Captioned web image data:
▬▬▬▬▬▬▬▬▬▬

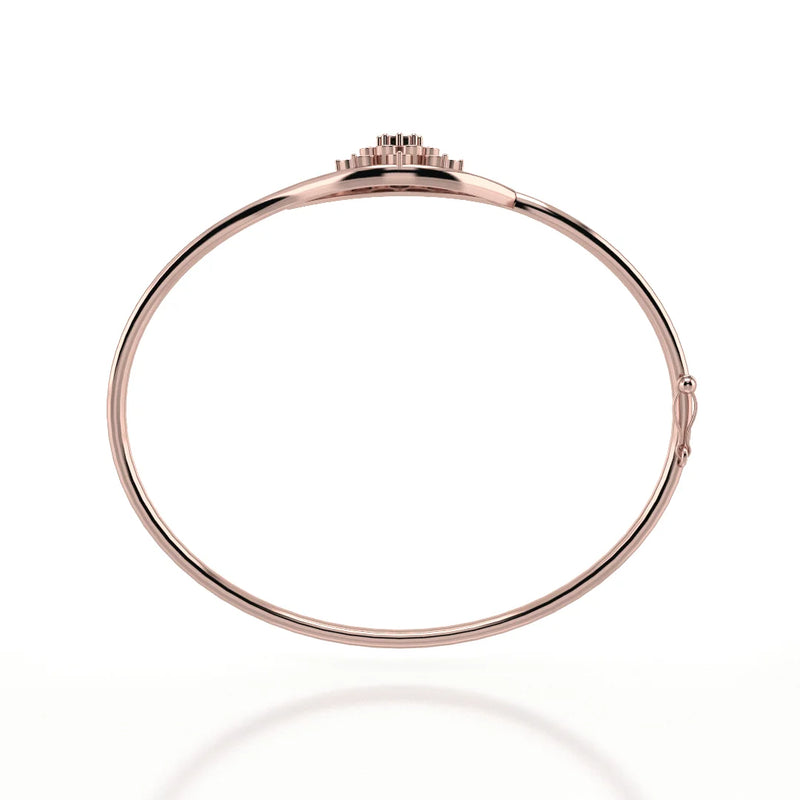 Diamondbracelet,bracelet,armbracelet,efifdiamond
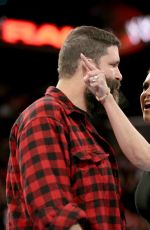 WWE - Raw Digitals 03/20/2017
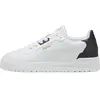 Puma Shuffle Downtown - 41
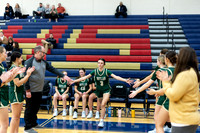 Boylan Girls Varsity Basketball vs Belvidere North 1-28-2025-0844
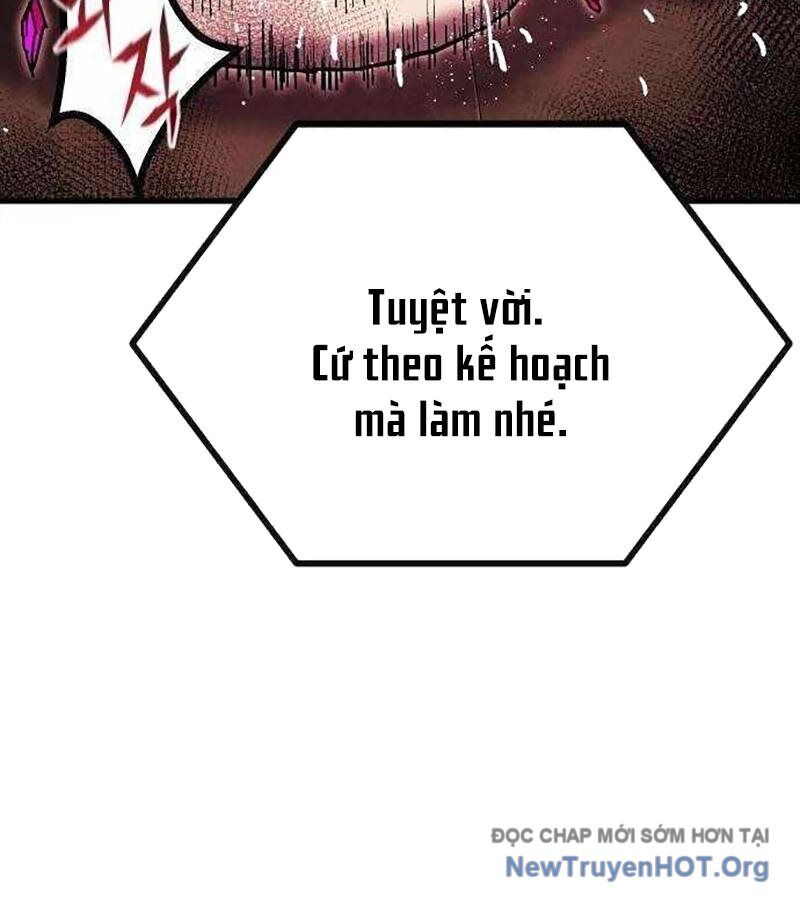 Lỗi Hệ Thống Chapter 30 - 93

▬▬▬▬▬▬▬▬▬▬

_YOUR OBJECTIVE_
Please copy only the lines from the one that contains "Puma Shuffle Downtown - 41" through the last line of the records, exactly, and keep every picture out of the copy.

_OUTPUT FOR THIS EXERCISE_
 Puma Shuffle Downtown - 41
 Boylan Girls Varsity Basketball vs Belvidere North 1-28-2025-0844
 Lỗi Hệ Thống Chapter 30 - 93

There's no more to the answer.